Ce désert désolé dans le sud du sultanat d'Oman, près des frontières avec le Yémen et l'Arabie saoudite, ressemble tellement à la planète rouge que plus de 200 scientifiques provenant de 25 pays s'y sont installés pour les quatre prochaines semaines, afin de tester sur le terrain la technologie qui pourrait être utilisée lors d'une mission habitée vers Mars.

Des initiatives privées et publiques foncent vers Mars - aussi bien l'ancien président Barack Obama que l'entrepreneur Elon Musk ont prédit que l'homme posera le pied sur la planète rouge d'ici quelques décennies.

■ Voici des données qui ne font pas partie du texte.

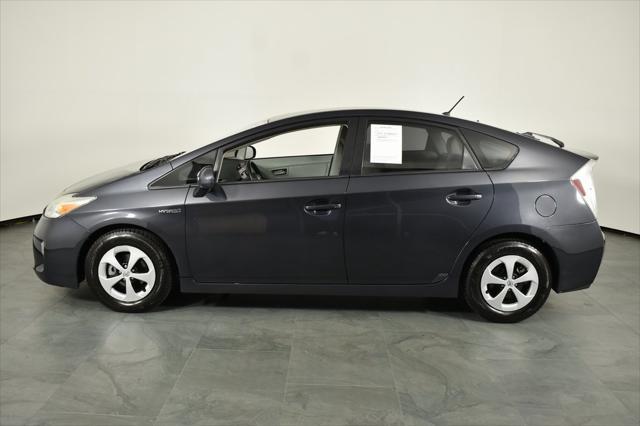 used 2012 Toyota Prius car, priced at $9,251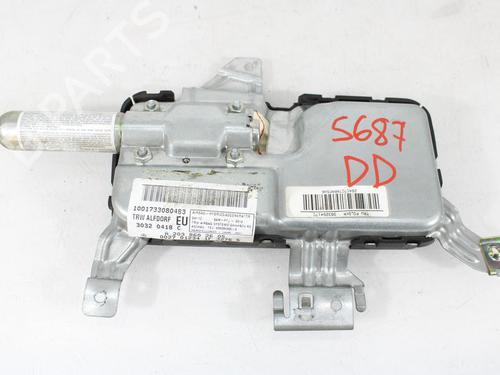 Elektronisk modul MERCEDES-BENZ C-CLASS (W203) C 220 CDI (203.006, 203.008) (143 hp) 29377623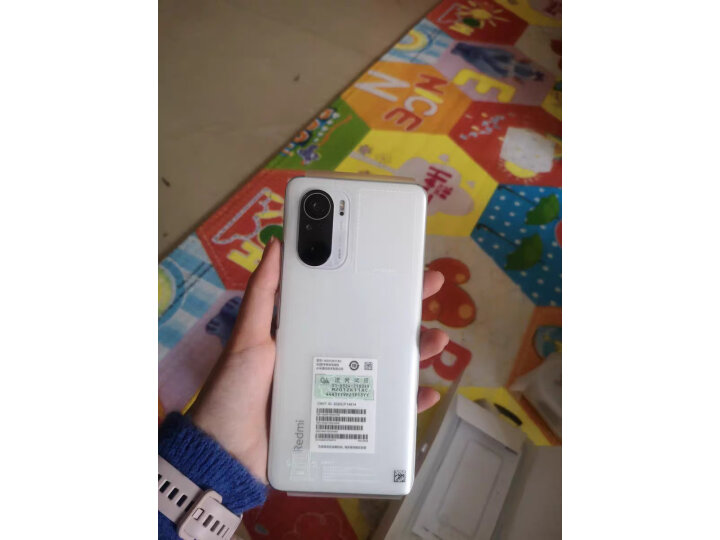 Redmi Note 9 5G 天玑800U  18W快充 4800万超清三摄 青山外 8GB+128GB 智能手机 小米 红米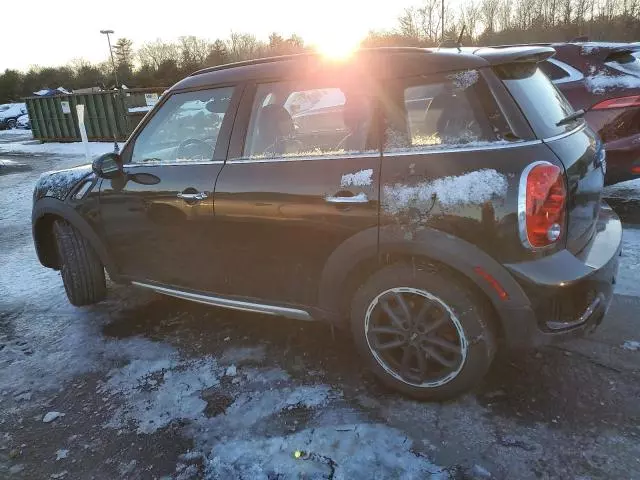 2016 Mini Cooper S Countryman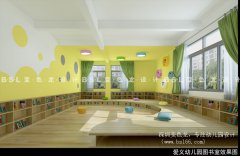 幼兒園裝修設計理念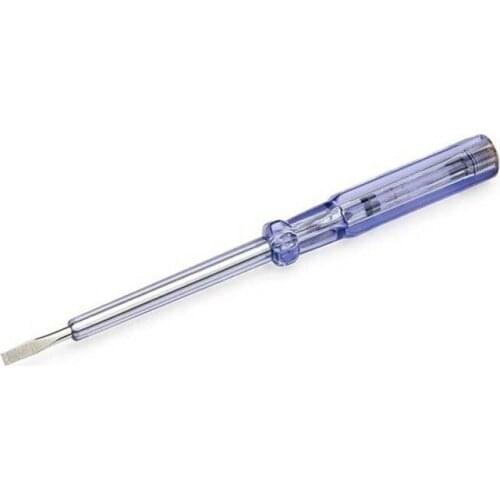 Flathead tester screwdriver-190mm, flathead tester screwdriver-190mm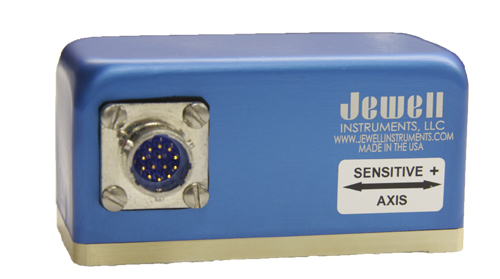 DXA Digital Accelerometer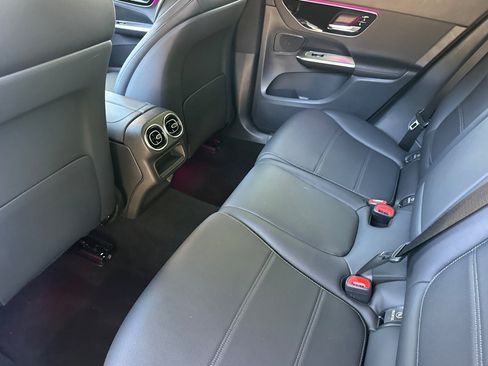 Certified 2025 Mercedes-Benz GLC 350e 4MATIC image 29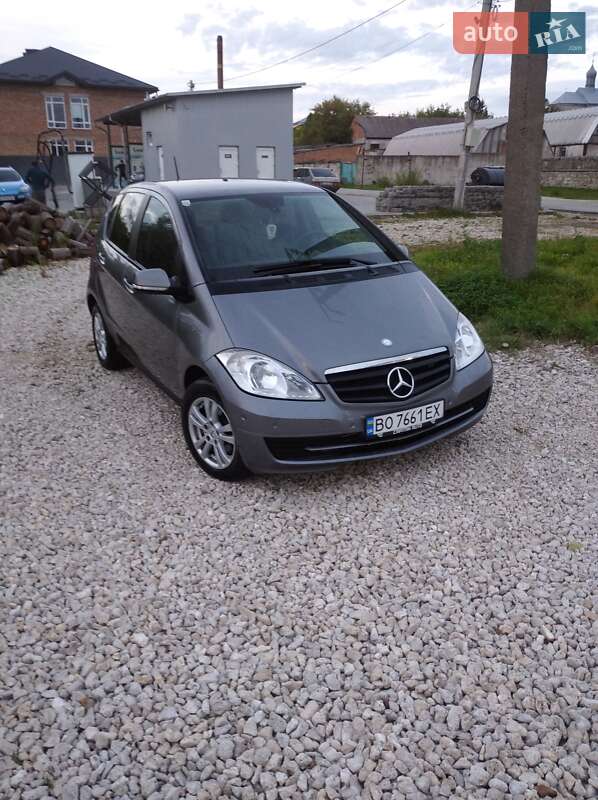Хэтчбек Mercedes-Benz A-Class 2008 в Тернополе
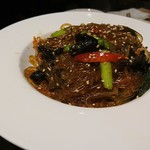 プサンアジメ - ⑤チャプチェ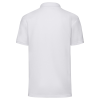 a white shirt on a white background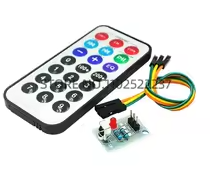 microcontroller MP3 car infrared wireless remote control module kit Arduino Raspberry Pi DIY kit HX1838 – KSH 350 at HIMA TRONICS Mombasa – Top quality HIMA electronics. Best electronics in Kenya. Shop now for Arduino, ESP32, sensors and IoT devices.
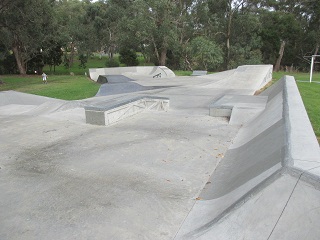 Healesville Skatepark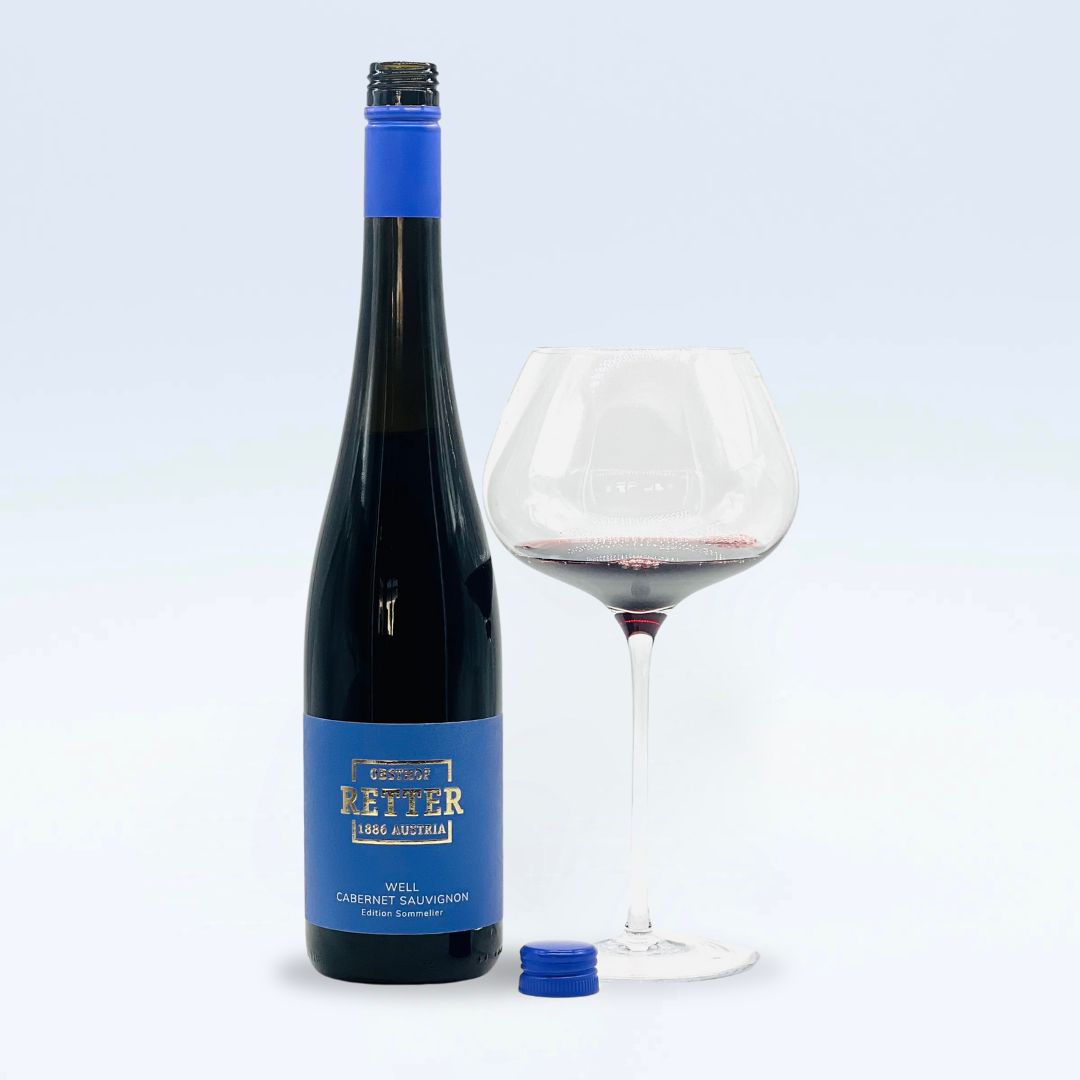 Cabernet Sauvignon - Edition Well - Obsthof Retter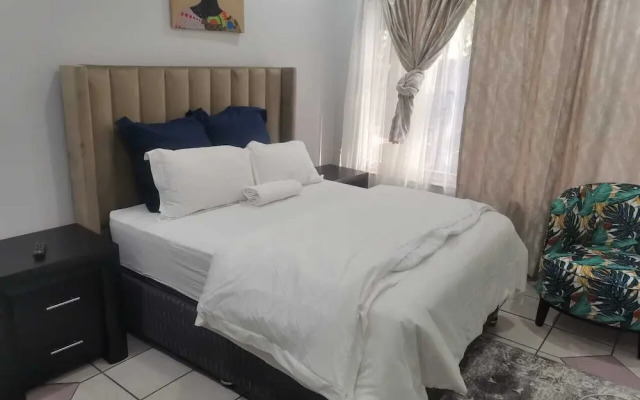 Saba Saba Guest House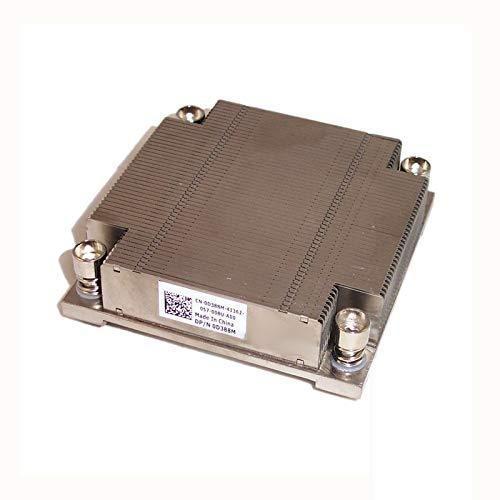 CPU Heat Sink F645J D388M 0F645J 0D388M for POWEREDGE R310 R410 CPU Cooling Heatsink R310 Server CPU Processor Cooling Heatsink - AloinfoUSA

La Chine, dont le programme martien reste vague, rivalise maintenant avec les États-Unis et la Russie. Des firmes aéronautiques comme BlueOrigin (qui est pilotée par le fondateur d'Amazon, Jeff Bezos) ont publié des schémas futuristes de bases spatiales, de vaisseaux et de combinaisons.

Le lancement réussi il y a quelques jours de la fusée Falcon Heavy par la firme SpaceX de M. Musk «nous amène complètement ailleurs en ce qui concerne ce qu'on peut lancer loin dans l'espace, ce qu'on peut envoyer vers Mars», a dit le faux astronaute Kartik Kumar, qui participe à la mission à Oman.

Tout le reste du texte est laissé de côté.